According to 3-year estimates from the 2013 American Community Survey, Southeast Asian Americans and Pacific Islanders have higher poverty rates and lower educational attainment rates compared to the overall population. Fifteen percent of the overall population lives below the Federal poverty level, while 21 percent of Pacific Islanders, 21 percent of Cambodian, 26 percent of Hmong, 17 percent of Laotian, and 16 percent of Vietnamese community members live in poverty. Compared to 29 percent of the overall population with a bachelor’s degree or higher, members of Pacific Islanders, Cambodian, Hmong, Lao, and Vietnamese communities only have a bachelor’s degree or higher at rates of 15 percent, 16 percent, 16 percent, 13 percent, and 27 percent, respectively. Levels of poverty and postsecondary educational attainment correlate with these groups’ underrepresentation in STEM employment. Other Asian American and Pacific Islander subgroups with similar poverty and educational attainment rates are similarly underrepresented in STEM employment.
A 2014 National Center for Education Statistics study found that women and underrepresented minorities leave the STEM fields at higher rates than their counterparts, leading to a need to develop resources to retain these groups in the STEM fields.

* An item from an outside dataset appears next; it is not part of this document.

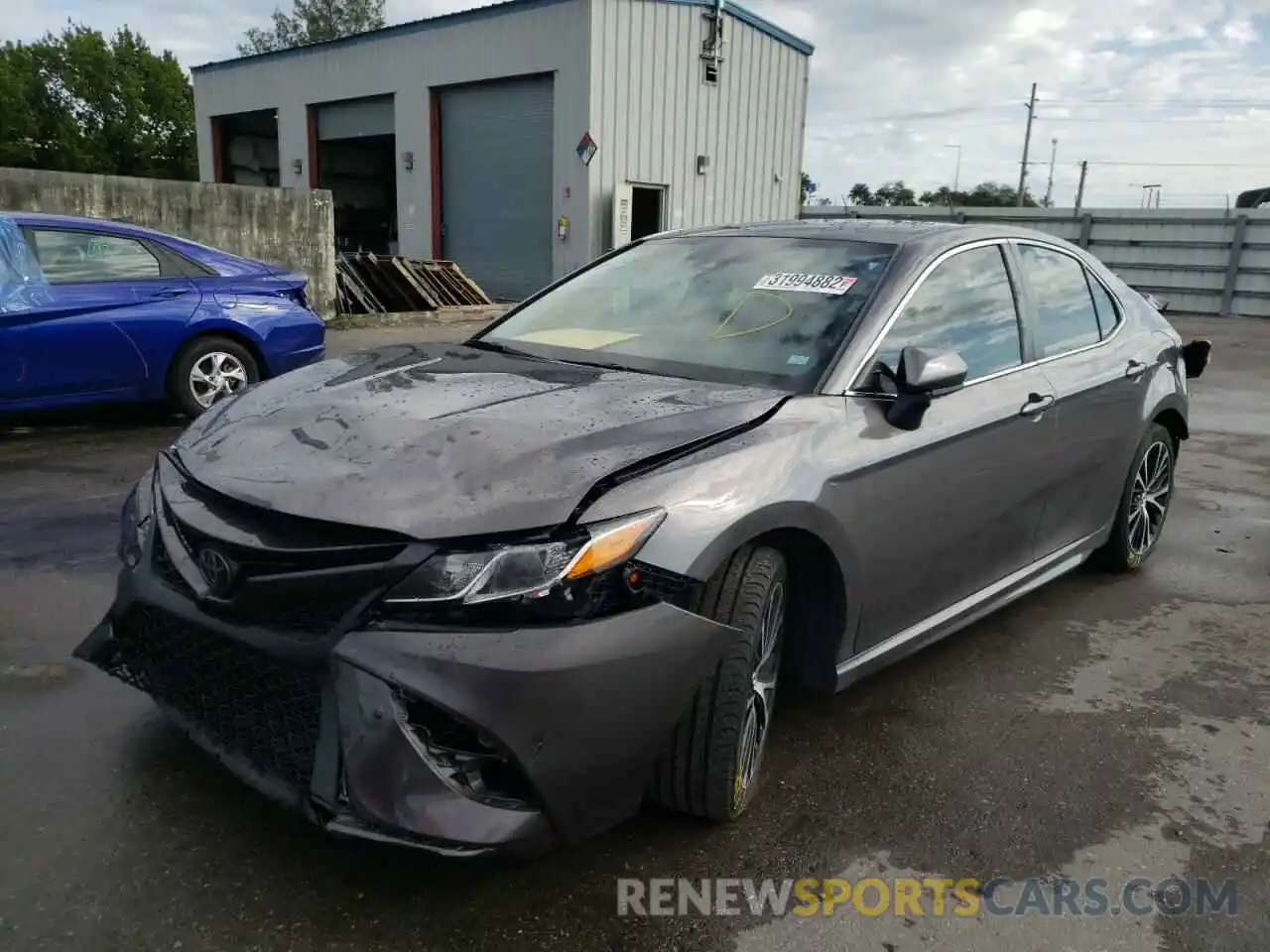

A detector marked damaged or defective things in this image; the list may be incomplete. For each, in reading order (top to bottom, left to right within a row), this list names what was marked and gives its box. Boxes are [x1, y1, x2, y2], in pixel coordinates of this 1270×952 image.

The Director of the National Science Foundation shall award grants to eligible entities, on a competitive basis, to enable such eligible entities to carry out the activities described in subsection (d), in order to increase the participation of women and underrepresented minorities in the fields of science, technology, engineering, and mathematics.
Each eligible entity that desires to receive a grant under this section shall submit an application to the National Science Foundation at such time, in such manner, and containing such information as the Director of the National Science Foundation may reasonably require.
An eligible entity that receives a grant under this section shall use such grant funds to carry out one or more of the following activities designed to increase the participation of women or minorities underrepresented in science and engineering, or both:
Mentoring programs that partner science, technology, engineering, or mathematics professionals with students.
Internships for undergraduate and graduate students in the fields of science, technology, engineering, and mathematics.
Conducting outreach programs that provide elementary school and secondary school students with opportunities to increase their exposure to the fields of science, technology, engineering, or mathematics.
Programs to increase the recruitment and retention of underrepresented faculty.
Such additional programs as the Director of the National Science Foundation may determine.
In this Act—
the term minority means American Indian, Alaskan Native, Black (not of Hispanic origin), Hispanic (including persons of Mexican, Puerto Rican, Cuban, and Central or South American origin), Asian (including underrepresented subgroups), Native Hawaiian, Pacific Islander origin subgroup, or other ethnic group underrepresented in science and engineering; and
the term underrepresented in science and engineering means a minority group whose number of scientists and engineers per 10,000 population of that group is substantially below the comparable figure for scientists and engineers who are White and not of Hispanic origin, as determined by the Secretary of Education under section 637.4(b) of title 34, Code of Federal Regulations.
Authorization of appropriations
There are authorized to be appropriated to carry out this section $15,000,000 for each of fiscal years 2018, 2019, 2020, 2021, and 2022.